These actions by Boaz were loaded with the very greatest significance. One may only wonder, by what inspiration Boaz was prompted thus to champion the cause of Ruth the grieving daughter of a foreign people. Perhaps the chief motivation for Boaz was inherent in the fact of her conversion to Jehovah, mentioned in this first encounter, “Jehovah, the God of Israel, under whose wings thou art come to take refuge” (Ruth 2:12). Boaz was also impressed with the fact of her having left the land of her nativity (Ruth 2:11). “Was he reminded of Abraham, the great ancestor of his race, who had left his native land and his kindred in obedience to a divine commandment?” Whatever his motivation, Boaz’ actions upon this very first encounter with Ruth were altogether sufficient and decisive. One cannot think of anything else that he might have done.
FURTHER INSTRUCTIONS BY BOAZ
“And at meal-time, Boaz said unto her, Come hither and eat of the bread, and dip thy morsel in the vinegar. And she sat beside the reapers; and they reached her parched grain, and she did eat, and was sufficed, and left thereof. And when she was risen up to glean, Boaz commanded his young men, saying Let her glean even among the sheaves, and reproach her not. And pull out some for her from the bundle, and leave it, and let her glean, and rebuke her not.”
RUTH TELLS NAOMI OF THAT FIRST DAY’S GLEANING
“So she gleaned in the field until even; and she beat out that which she had gleaned, and it was about an ephah of barley. And she took it up, and went into the city; and her mother-in-law saw what she had gleaned: and she brought forth and gave to her that which she had left after she was sufficed.
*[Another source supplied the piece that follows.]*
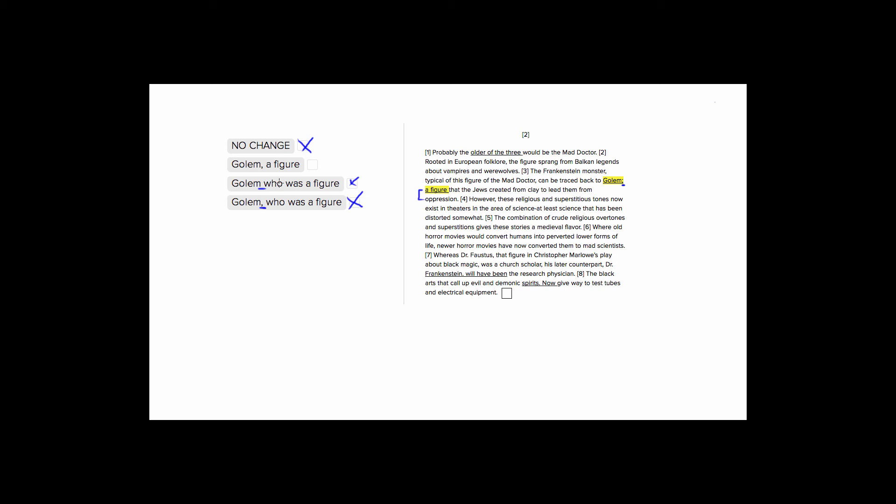And we'll see in choice two that it doesn't have that who was, and it perfectly avoids this extra clunky two words by just having golem and then setting it apart with a comma, and then describing what the golem is. It's this kind of figure. So choice two is going to be the correct way to modify the golem. So it's correct.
And her mother-in-law said unto her, here hast thou gleaned today? and where hast thou wrought? blessed be he that did take knowledge of thee. And she showed her mother-in-law with whom she had wrought, and said, The man’s name with whom I wrought today is Boaz. And Naomi said unto her daughter-in-law, Blessed be he of Jehovah, who hath not left off his kindness to the living and to the dead. And Naomi said unto her, The man is nigh of kin unto us, one of our near kinsmen. And Ruth the Moabitess said, Yea, he said unto me, Thou shalt keep fast by my young men, until they have ended all my harvest. And Naomi said unto Ruth her daughter-in-law, It is good my daughter that thou go out with his maidens, and that they meet thee not in any other field. So she kept fast by the maidens of Boaz, to glean unto the end of barley harvest and of wheat harvest; and she dwelt with her mother-in-law.”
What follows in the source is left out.